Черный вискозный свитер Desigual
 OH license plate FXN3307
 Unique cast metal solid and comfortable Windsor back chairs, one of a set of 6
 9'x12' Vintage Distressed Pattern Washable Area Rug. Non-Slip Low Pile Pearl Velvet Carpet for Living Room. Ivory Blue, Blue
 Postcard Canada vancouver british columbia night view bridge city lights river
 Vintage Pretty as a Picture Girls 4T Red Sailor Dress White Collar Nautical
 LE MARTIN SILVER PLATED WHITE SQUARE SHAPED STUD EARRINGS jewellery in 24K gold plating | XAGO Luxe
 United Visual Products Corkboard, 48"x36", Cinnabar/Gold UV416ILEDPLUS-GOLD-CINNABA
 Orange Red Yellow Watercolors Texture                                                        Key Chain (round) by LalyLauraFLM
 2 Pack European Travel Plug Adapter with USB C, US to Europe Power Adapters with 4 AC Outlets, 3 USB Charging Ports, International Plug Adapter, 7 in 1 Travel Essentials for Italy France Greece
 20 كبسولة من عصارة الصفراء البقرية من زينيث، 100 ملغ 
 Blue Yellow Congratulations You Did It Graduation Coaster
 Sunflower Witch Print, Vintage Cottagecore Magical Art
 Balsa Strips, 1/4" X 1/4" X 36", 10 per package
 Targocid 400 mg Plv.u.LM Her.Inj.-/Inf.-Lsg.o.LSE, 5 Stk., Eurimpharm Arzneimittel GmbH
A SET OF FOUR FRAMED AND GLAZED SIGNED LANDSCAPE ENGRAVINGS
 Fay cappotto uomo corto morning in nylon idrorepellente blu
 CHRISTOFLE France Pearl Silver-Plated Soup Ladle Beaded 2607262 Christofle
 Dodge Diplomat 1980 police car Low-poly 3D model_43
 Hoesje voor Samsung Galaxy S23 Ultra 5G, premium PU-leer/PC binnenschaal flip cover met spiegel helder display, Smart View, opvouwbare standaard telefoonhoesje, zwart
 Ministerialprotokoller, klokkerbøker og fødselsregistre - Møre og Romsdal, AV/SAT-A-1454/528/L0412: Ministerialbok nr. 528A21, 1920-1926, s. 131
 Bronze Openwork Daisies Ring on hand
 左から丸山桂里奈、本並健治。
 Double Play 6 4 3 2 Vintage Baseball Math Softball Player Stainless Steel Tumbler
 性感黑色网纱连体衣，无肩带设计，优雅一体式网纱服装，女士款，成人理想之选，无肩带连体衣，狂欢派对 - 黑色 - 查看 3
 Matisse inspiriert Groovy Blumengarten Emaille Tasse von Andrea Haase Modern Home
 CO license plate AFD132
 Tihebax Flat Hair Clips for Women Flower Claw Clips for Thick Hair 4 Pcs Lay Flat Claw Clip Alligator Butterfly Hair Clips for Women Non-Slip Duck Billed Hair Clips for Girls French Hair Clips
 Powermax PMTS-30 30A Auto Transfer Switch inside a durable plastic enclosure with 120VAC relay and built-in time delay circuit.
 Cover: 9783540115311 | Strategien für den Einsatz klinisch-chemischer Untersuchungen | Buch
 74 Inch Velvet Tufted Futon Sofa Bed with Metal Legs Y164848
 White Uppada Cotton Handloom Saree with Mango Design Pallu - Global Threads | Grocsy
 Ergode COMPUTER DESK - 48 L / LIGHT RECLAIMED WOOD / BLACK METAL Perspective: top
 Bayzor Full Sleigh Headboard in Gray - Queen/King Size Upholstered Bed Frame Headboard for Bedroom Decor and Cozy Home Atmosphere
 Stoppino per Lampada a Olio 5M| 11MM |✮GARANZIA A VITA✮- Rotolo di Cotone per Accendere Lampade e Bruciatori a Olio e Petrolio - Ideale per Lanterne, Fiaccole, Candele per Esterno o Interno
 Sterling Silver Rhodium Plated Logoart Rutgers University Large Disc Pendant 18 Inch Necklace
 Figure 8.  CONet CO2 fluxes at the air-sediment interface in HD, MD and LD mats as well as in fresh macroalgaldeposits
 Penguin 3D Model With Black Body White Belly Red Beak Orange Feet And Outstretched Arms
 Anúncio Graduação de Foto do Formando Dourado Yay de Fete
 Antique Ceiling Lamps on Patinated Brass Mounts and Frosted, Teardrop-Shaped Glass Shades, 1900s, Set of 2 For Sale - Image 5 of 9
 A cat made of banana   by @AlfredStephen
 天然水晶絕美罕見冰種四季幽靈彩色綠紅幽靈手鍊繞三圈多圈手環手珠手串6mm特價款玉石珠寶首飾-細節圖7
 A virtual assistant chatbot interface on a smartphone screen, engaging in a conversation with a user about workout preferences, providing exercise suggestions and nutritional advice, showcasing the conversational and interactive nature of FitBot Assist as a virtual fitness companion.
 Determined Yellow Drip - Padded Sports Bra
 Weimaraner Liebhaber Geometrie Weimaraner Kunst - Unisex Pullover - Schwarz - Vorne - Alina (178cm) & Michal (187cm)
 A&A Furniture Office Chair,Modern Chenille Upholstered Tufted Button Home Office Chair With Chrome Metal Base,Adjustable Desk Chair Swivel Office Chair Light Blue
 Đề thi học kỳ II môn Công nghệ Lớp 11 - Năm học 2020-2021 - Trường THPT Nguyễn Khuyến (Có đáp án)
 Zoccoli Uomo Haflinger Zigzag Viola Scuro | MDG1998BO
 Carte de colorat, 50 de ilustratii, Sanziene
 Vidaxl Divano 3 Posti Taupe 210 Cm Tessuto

> **Task directions**:
Out of the preceding entries, pull every line containing the string "Inch".

> **Exercise result**:
 74 Inch Velvet Tufted Futon Sofa Bed with Metal Legs Y164848
 Sterling Silver Rhodium Plated Logoart Rutgers University Large Disc Pendant 18 Inch Necklace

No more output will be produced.